Volleyball: DM: U 20 des MSC holt sich Platz zwei

Volleyball : DM: U 20 des MSC holt sich Platz zwei

Der Moerser Volleyball-Nachwuchs lieferte bei der Endrunde der nationalen Titelkämpfe beim TV Bliesen eine beein-druckende Energieleistung ab. Erst im Endspiel mussten sich die Grafenstädter knapp dem VfB Friedrichshafen beugen.

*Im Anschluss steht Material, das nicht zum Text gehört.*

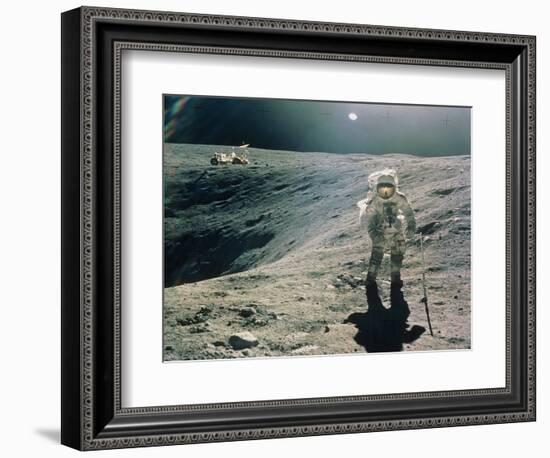 Astronaut Duke Next To Plum Crater, Apollo 16-null-Framed Premium Photographic Print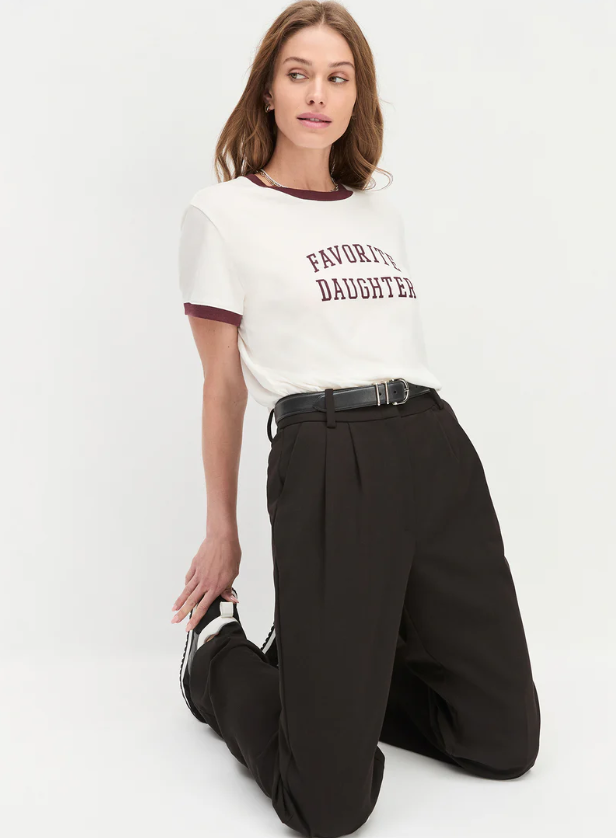 THE COLLEGIATE RINGER TEE - WHITE/BURGUNDY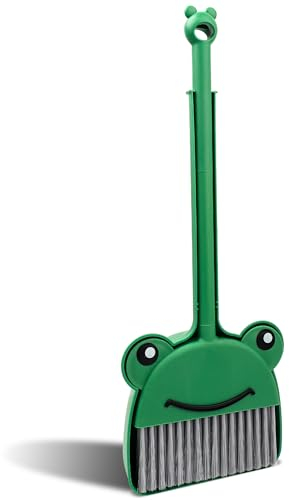 Juego de recogedor de escoba pequeña para niños, mini juego de limpieza y juego de simulación de rana verde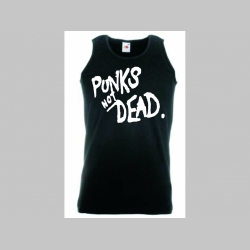 Punks not Dead čierne pánske tielko 100%bavlna Fruit of The Loom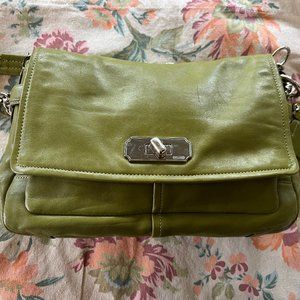 Coach Chelsea Pea Green Leather Flap Shoulder Bag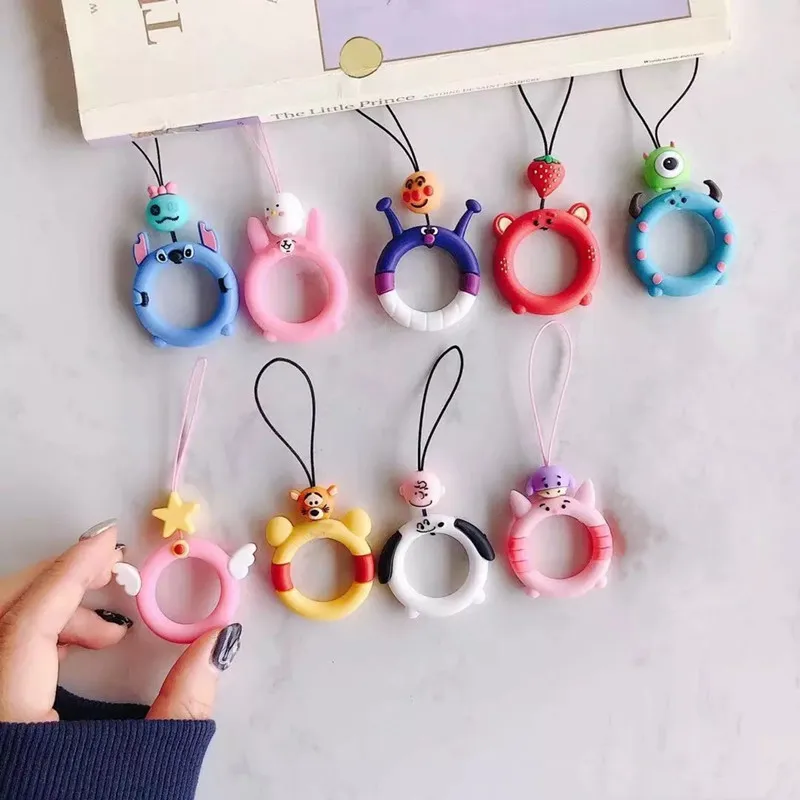 

Universal Donut Silicone Lanyard For Keys Phones Strap for iPhone 7 Plus 8 6S Keycord Finger Rings Mobile Phone Accessories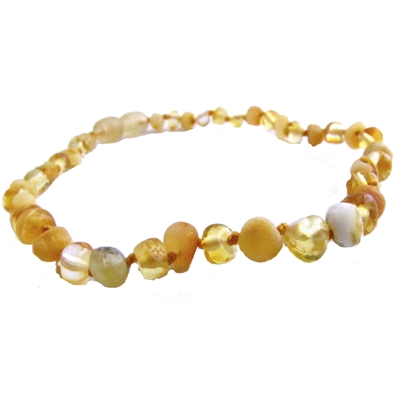 The Amber Monkey Baroque Baltic Amber 12-13 inch Necklace - Raw Milk & Polished Lemon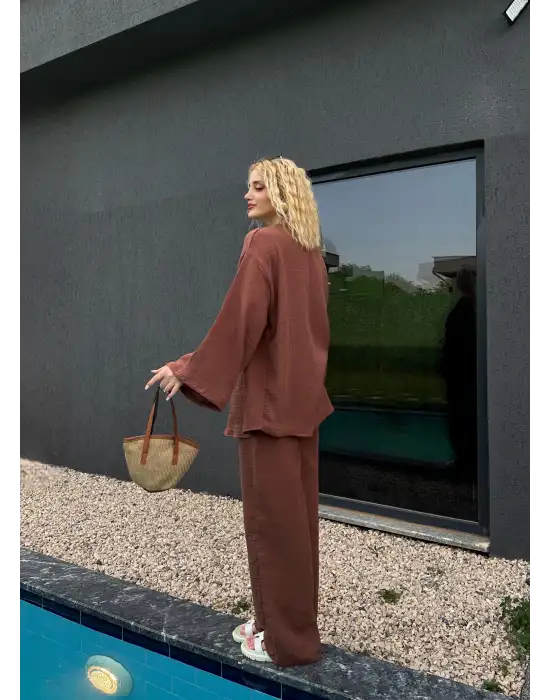 Ferina Kahve Muslin Ön Bağlamalı Kimono Takım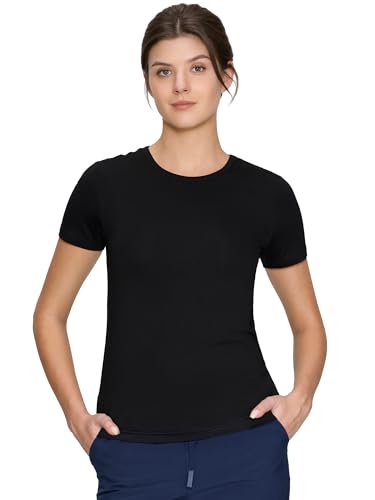 COZY SCRUBS Womens Underscrubs Short Sleeve - Crew Neck Scrubs Tee Silky Knit Undershirts for Nurse (Previously COZYFIT) Black M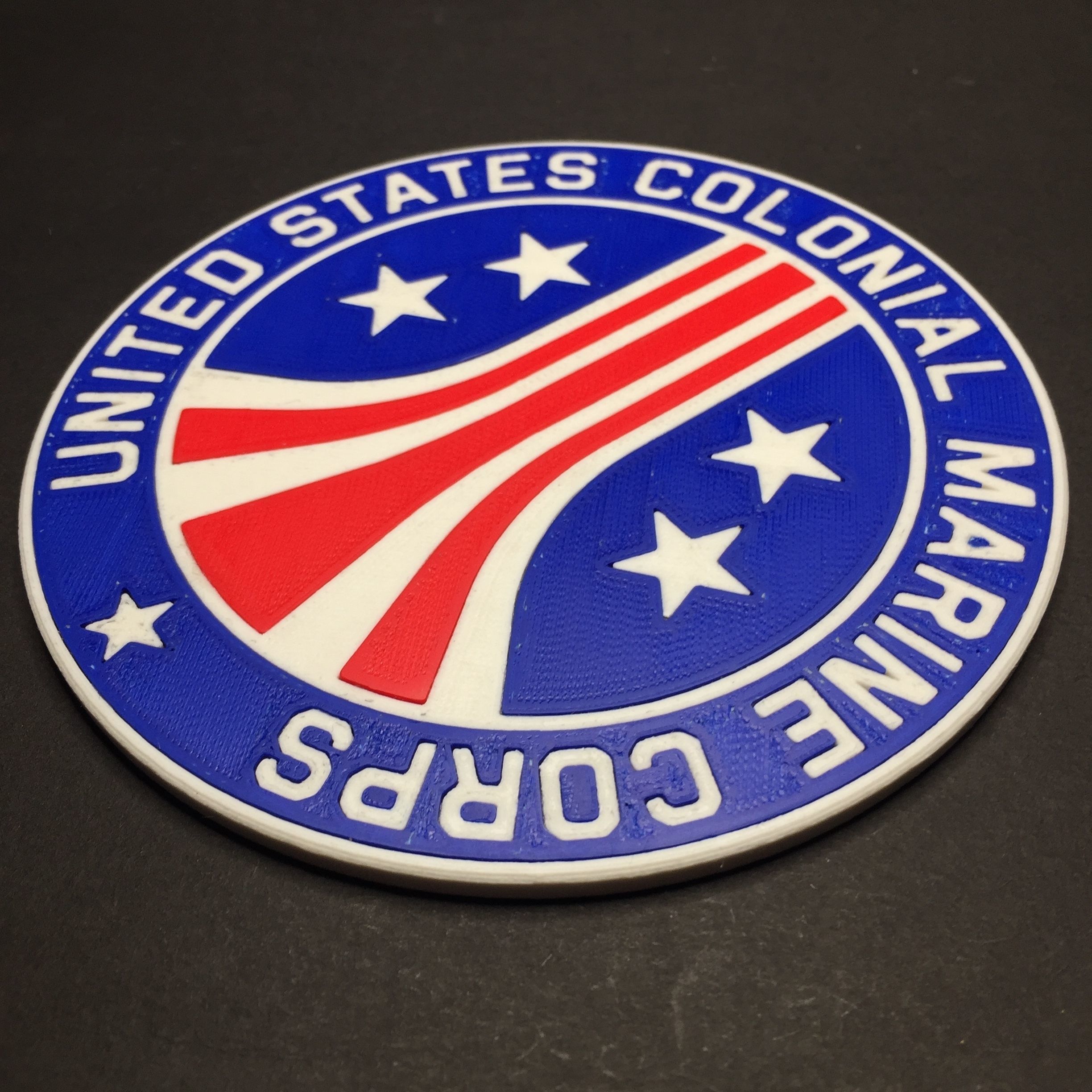United States Colonial Marine Corps Emblem Coaster 3D print model_1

Ganze zwei Punkte fehlten der U 20 des Moerser SC, um bei der Endrunde der Deutschen Meisterschaft im St. Wendeler Stadtteil Bliesen (Saarland) die ganz große Überraschung perfekt zu machen. Doch nach einem enorm kräftezehrenden Turnier brachte die Truppe von Trainer Michael Kohne im Finale dann nicht mehr das letzte Quäntchen Konzentration auf, um den haushohen Favoriten VfB Friedrichshafen tatsächlich in die Knie zu zwingen. So stand im Vergleich mit den besten Mannschaften aus ganz Deutschland unter dem Strich wie vor zwei Jahren, damals noch als U 18, ein beachtlicher zweiter Platz.

Foto: Privat

"Natürlich war die Enttäuschung nach der Finalniederlage groß. Aber unsere Gesamtleistung war toll. Ich bin stolz auf diese Mannschaft", meinte Michael Kohne nach einem Turnier, bei dem die Grafenstädter in jedem Spiel hart für den Erfolg arbeiten mussten. Schon die Gruppenphase bescherte dem MSC dicke Brocken, so dass das Erreichen des Überkreuzspiels bereits im ersten Spiel auf der Kippe stand. Denn weil Gastgeber TV Bliesen und der Bayern-Meister TSV Mühldorf als favorisiert galten, musste zumindest die Auftaktpartie gegen TV Hausen gewonnen werden. Weil immerhin das mit 2:1 gelang und anschließend wie befürchtet Niederlagen gegen Bliesen (1:2) und Mühldorf (0:2) folgten, blieben die Moerser im Rennen um den DM-Titel. Gut war für den MSC dass im Überkreuzspiel gegen einen Gruppenzweiten Fortuna Bonn wartete. Weil die Fortunen aus der Liga und von der Westdeutschen Meisterschaft noch bestens bekannt waren, konnte der ersten Turniertag mit einem fürs Selbstvertrauen wichtigen 2:0-Erfolg abgeschlossen werden.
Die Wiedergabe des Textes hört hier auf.